LA PAURA DEL NATALE
Leggo con interesse, attraverso l’iscrizione al blog, questo articolo che mi ha particolarmente affascinato. Ve lo propongo come riflessione ma senza relegarla al giorno del Natale. Ritengo che ogni intuizione dell’autore possa spezzare le barriere temporali dei giorni di “festa” e arrivare fino agli estremi confini della coscienza per produrre un movimento interiore, spirituale e pastorale.
don Virginio
Beati gli inadeguati perché di essi sono i processi pastorali. Lo penso seriamente. Non come semplice battuta.
Quando accompagno con il nostro team processi di riforma o conversione pastorale, l’emozione diffusa che ci viene restituita è la paura. Sorella paura, che ci preserva dalla morte che ci possiamo procurare per inavvedutezza, scarsa lungimiranza. È un’emozione importante nella nostra vita e da tenere viva perché ci rende attenti, ci pone in tensione verso il nuovo per discernerlo. Basta che non arrivi a bloccarci, irrigidirci, e quando questo avviene è perché ci sono dei nodi interni a noi che trasformano la paura in panico, in angoscia. Ma il problema in quel momento, quindi, non è il cambiamento proposto, è ciò che internamente a noi ci irrigidisce e che va ascoltato e purificato.
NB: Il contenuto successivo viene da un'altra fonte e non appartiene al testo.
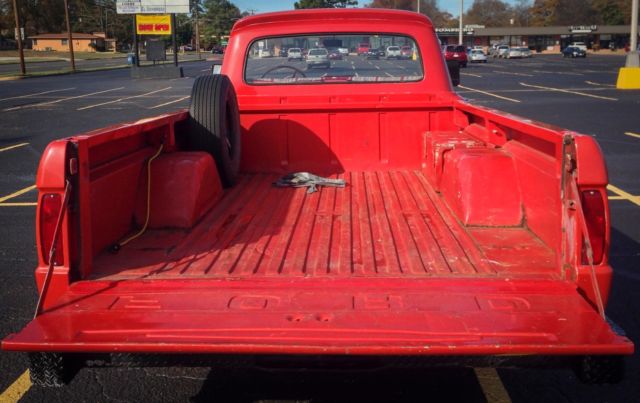 1965 Red Ford F-100 Standard Cab Pickup
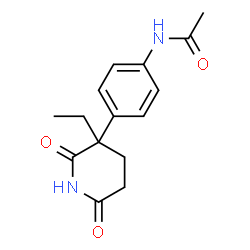 ChemSpider 2D Image | N-[4-(3-Ethyl-2,6-dioxo-3-piperidinyl)phenyl]acetamide | C15H18N2O3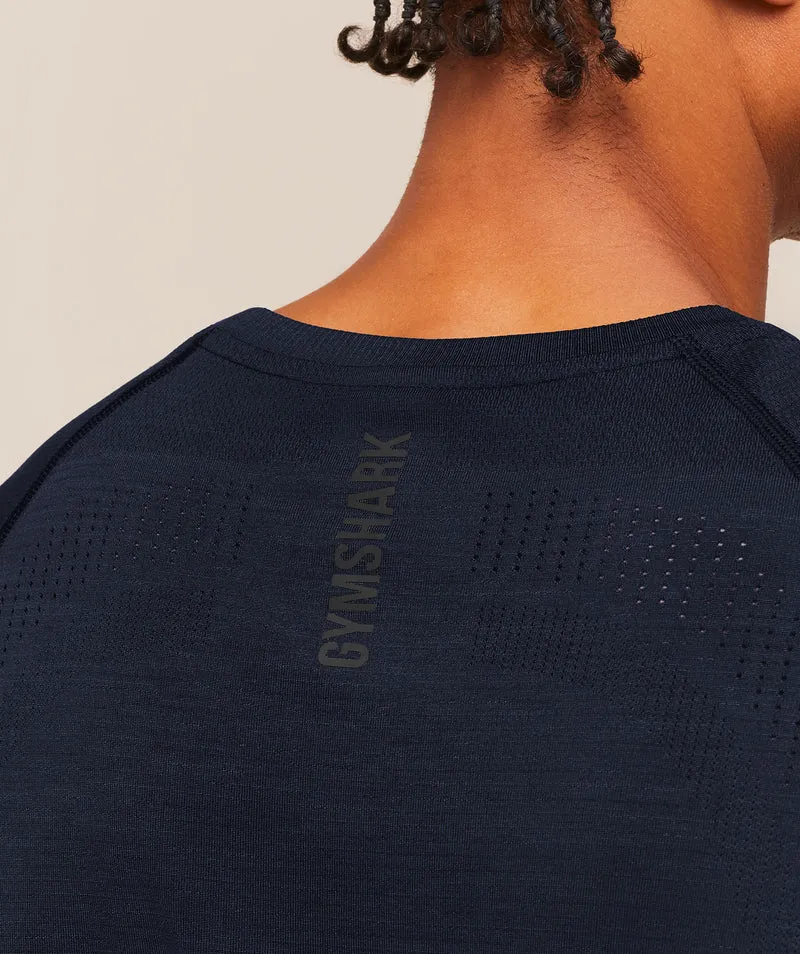 Gymshark Versatile Seamless Tank - Heavy Blue/Black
Ma se abbiamo paura dei cambiamenti e se questa è cosa sana, perché non abbiamo paura del Natale? Perché non abbiamo paura dell’evento che manda a carte quarantotto tutti i piani, le certezze, le sicurezze fin qui acquisite. Perché questo è il Natale! È l’evento sconcertante e terribile, che scompagina tutti i piani dell’uomo. È l’irruzione violenta della novità che si irradia in un piccolo e indifeso neonato infreddolito nel buio desolato di una stalla. E violenza chiama violenza, come la morte di tanti innocenti.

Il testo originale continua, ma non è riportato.